Alberto Fernández, en su primer mes como presidente, ganó con comodidad la primera y más importante batalla que tenía que dar: su emancipación de Cristina Fernández de Kirchner.
El titular del Ejecutivo conformó su equipo, su discurso y su accionar con altísimo nivel de independencia de la dos veces presidente y consolidó su peso como conductor. No es poco. A pesar de que él detestó en campaña (lo sigue haciendo mientras gobierna) que le preguntaran amablemente quién gobernaría o con innecesaria maledicencia si sería el ̈Chirolita” de CFK, tenía que demostrarlo. Y lo hizo con holgura.

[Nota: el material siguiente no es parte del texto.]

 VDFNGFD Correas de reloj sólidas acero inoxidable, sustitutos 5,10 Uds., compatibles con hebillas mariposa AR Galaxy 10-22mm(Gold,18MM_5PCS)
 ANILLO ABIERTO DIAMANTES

Una de sus habilidades para mostrarse potente fue cambiar el discurso y apoyarse en el propio. Menos bla bla en monólogo de cadena cual Telescuela Técnica que le explicaba todo a todo el mundo, y más concreciones de quien sabe qué es administrar. Introdujo discusiones como la pobreza, el acuerdo, la convocatoria amplia y la palabra presidencial directa mostrándose lejos del rol de director superior de gestión para acercarse al realizador directo que se “ocupa de las cosas” personalmente. De paso: quedó flaquito el consejo económico social amplio para consensuar ideas de Estado.

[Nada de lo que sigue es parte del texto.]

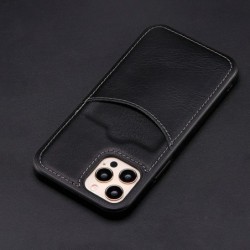 Läderskyddsfodral med kreditkortsfack för iPhone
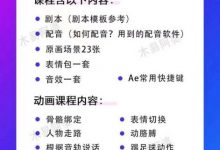 木易阿婆沙雕动画教学视频课程,沙雕动画天花板,轻松涨粉,变现多样-蜗牛学社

Tiene por delante otras batallas. En materia económica, supo ampararse en la espantosa crisis heredada (inflación desbocada, parálisis del sector productivo entero, salvo el especulativo, pobreza y demás) para tentarse con las soluciones que ama el peronismo: concentrar el poder. Defaultear a los jubilados (eso es, sin taparrabos semántico, suspender una ley del congreso que atribuía aumentos provisionales), atribuirse el derecho a incrementar ingresos de empleados públicos, privados y jubilados por decreto, devaluar un 30% la moneda (eso es, también desnudo, el dólar solidario) y asumir el rol constitucional de crear nuevas categorías de tributos discriminados por lugares de inversión (eso es el impuesto a bienes personales cobrado según la cara del que paga) es una invocación a los superpoderes que ya todos conocemos.

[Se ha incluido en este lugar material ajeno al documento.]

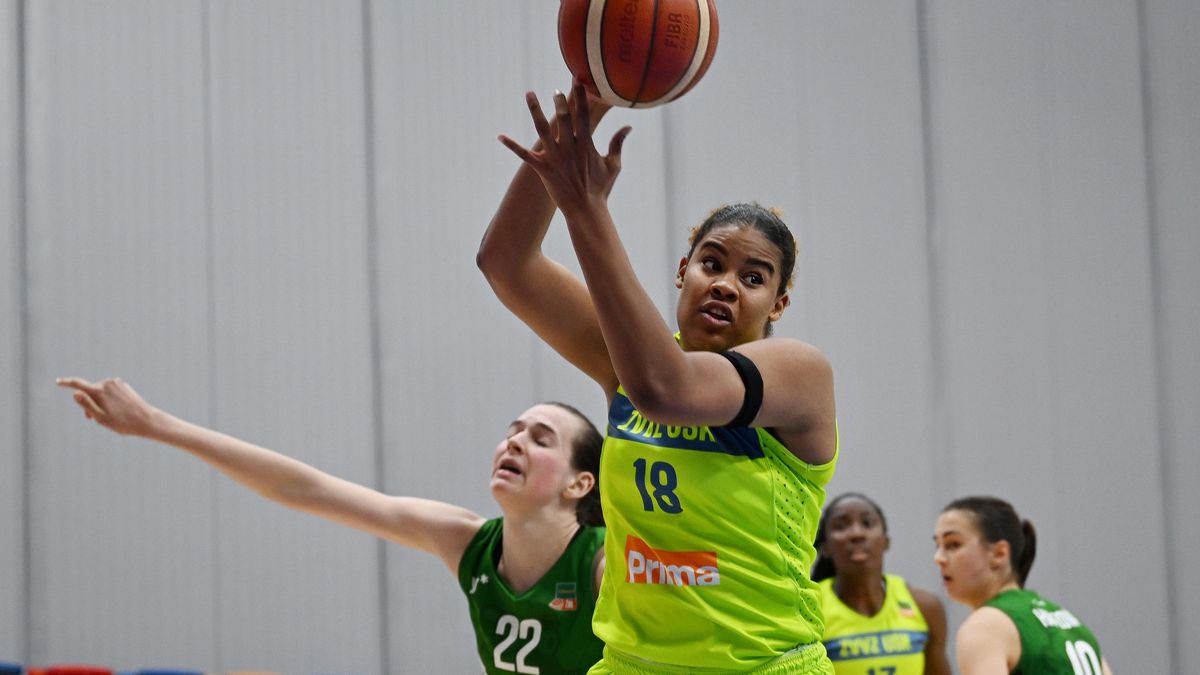 Basketbalistky USK Praha porazily v prvním ligovém finále Žabiny Brno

¿Se podía hacer de otra forma? ¿La crisis no admitía más que sacudir a los jubilados de forma dura? ¿La terca y torpe gestión de Macri no dejó lugar para cerrar más el cepo? Quizá las respuestas sean todas por el sí. Quizá. Pero si la crisis es inmensa y debe ser dicha en crudo, la descripción de la toma de medidas no admiten otra cosa más que esa crudeza ya hay que decir que Fernández goza de superpoderes que huelen feo al lado del concepto de división republicana.
Es verdad que gestiones como la de Daniel Arroyo, con sobrada legitimidad de origen y ejercicio en el tema social, pueden hacer ver mejor las decisiones. Es verdad también que el tono mesurado de los ministros (ahí hay que destacar como ejemplos, hay más, a dirigentes como Santiago Cafiero o Nicolás Trotta).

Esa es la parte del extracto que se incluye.